犬鍋のヨロマル漫談

ヨロマルとは韓国語で諸言語の意。日本語、韓国語、英語、ロシア語などの言葉と酒・食・歴史にまつわるエッセー。

ベトナム料理を経営するミャンマー人

2015-08-10 23:48:06 | ミャンマー

 東京出張の夜、久しぶりに高田馬場のミャンマー料理屋に行きました。

 先客は一人だけ。店の主人とミャンマー語でしゃべっていました。

 プーディージョー(夕顔の実の揚物)をつまみに2本目のビールに突入したとき、話しかけてみました。

「出身はミャンマーのどちらですか」

「ヤンゴンです」


「今、水害がひどいみたいですね」


「ヤンゴンは大丈夫ですよ。北のほうがひどいね」


「日本は長いんですか」


「96年に来たから、もうすぐ20年です」


「どうりで日本語がうまいですね」


「奥さん日本人だしね。でも漢字は読めないよ」


 1988年の民主化弾圧のあと、大学が閉鎖されたり、就学年数が短縮されたりして、ミャンマーの学生たちはたびたび反政府デモを行いましたが、彼も大学2年のときにデモに参加。弾圧されたので、日本にやってきたとのこと。

「父は軍人でね、ぼくが民主化運動に関わったんで、大喧嘩になった。でも日本に来るためのお金は出してくれたよ」

「仕事は何ですか」


「レストランやってる。大学は工学部だったけどね、日本で生きていくには飲食店しかないから」


 名刺交換してみると、お店は六本木。

「娘が今、六本木で働いているんですよ」

「最近、二店目を出したんだ。

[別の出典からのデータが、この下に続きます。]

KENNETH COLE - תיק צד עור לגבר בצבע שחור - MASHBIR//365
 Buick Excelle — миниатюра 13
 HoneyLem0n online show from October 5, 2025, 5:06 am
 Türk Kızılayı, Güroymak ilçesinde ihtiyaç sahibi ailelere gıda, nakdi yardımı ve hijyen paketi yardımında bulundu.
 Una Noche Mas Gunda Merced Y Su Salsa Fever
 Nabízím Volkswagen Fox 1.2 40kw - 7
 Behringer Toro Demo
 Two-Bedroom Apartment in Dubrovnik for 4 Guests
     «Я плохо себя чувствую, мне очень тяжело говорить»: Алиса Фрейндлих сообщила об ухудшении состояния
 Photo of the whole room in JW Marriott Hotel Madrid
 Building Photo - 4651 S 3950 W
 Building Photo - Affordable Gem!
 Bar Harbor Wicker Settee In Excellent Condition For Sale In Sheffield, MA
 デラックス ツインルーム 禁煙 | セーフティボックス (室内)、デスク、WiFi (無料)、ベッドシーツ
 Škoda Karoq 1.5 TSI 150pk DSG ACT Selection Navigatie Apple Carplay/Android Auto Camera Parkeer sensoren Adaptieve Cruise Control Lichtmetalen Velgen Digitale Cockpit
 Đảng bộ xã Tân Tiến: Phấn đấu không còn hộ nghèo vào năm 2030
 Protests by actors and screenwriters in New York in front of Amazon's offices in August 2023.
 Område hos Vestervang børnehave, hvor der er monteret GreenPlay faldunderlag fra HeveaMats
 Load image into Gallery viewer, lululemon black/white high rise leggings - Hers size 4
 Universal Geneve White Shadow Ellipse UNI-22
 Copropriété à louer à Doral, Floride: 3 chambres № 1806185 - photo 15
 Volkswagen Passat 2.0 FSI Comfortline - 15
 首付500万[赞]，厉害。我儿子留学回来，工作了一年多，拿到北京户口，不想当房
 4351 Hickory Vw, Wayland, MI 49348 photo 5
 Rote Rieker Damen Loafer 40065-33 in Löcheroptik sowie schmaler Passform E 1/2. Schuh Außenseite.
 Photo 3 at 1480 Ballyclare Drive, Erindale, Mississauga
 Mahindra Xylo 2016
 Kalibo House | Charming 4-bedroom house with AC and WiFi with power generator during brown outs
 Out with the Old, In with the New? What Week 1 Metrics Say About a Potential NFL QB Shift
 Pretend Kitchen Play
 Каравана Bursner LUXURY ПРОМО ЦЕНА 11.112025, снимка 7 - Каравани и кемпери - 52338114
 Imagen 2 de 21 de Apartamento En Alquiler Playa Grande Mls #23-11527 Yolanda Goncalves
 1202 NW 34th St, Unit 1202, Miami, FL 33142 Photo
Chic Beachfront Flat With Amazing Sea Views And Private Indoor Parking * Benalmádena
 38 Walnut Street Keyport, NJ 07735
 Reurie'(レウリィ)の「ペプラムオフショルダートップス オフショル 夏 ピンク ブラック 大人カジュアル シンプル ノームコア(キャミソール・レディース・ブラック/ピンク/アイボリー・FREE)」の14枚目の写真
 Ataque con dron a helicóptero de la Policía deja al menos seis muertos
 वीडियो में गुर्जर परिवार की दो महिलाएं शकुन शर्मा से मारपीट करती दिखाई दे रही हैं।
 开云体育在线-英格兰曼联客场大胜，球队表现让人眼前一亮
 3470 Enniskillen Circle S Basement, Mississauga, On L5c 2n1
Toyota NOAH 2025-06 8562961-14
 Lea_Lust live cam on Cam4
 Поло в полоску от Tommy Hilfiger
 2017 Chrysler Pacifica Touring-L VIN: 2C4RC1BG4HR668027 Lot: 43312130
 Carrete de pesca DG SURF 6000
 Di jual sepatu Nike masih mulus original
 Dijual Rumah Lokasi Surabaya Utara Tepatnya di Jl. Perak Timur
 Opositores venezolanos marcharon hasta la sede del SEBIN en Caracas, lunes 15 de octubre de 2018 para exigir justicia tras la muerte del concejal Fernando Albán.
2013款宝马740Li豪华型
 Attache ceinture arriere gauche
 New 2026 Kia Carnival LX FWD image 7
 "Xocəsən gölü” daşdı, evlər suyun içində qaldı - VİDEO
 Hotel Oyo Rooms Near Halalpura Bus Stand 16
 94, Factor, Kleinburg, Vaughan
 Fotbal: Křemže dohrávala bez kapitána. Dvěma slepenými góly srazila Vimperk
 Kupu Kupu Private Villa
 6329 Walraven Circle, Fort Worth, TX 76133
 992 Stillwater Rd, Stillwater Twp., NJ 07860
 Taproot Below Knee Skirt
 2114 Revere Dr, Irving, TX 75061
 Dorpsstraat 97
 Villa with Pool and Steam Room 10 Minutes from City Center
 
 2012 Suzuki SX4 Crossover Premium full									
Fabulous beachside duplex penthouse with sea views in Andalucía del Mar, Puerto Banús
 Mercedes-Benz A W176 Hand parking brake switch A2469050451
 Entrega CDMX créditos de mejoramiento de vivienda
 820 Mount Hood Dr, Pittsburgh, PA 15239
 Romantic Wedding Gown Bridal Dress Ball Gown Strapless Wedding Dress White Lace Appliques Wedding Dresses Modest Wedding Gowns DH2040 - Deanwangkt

武蔵小杉に」


「へえ、娘は武蔵小杉の近くに住んでるんです。偶然ですね」


 二人いる子どもの下の子は、インターナショナルスクールに通わせているというから、レストランは成功したようです。

 ここで名刺をよく見ると、レストランはミャンマー料理ではなくて、ベトナム料理でした。

「なんでまた、ベトナム料理なんですか?」

「うーん、それには深いわけがあってね。話せば長いんだけど」


「ぼくはベトナム料理より、タイ料理やミャンマー料理のほうが好きだけどなあ」


「でも、ヘルシーなイメージがあって、女の子には人気だよ」


「もしよかったら、もう一軒行きませんか」


 なぜベトナム料理なのかを聞こうと思って誘いましたが、二軒目のカウンターバーではそこにいる女の子と盛り上がっちゃって、結局、聞くことができませんでした。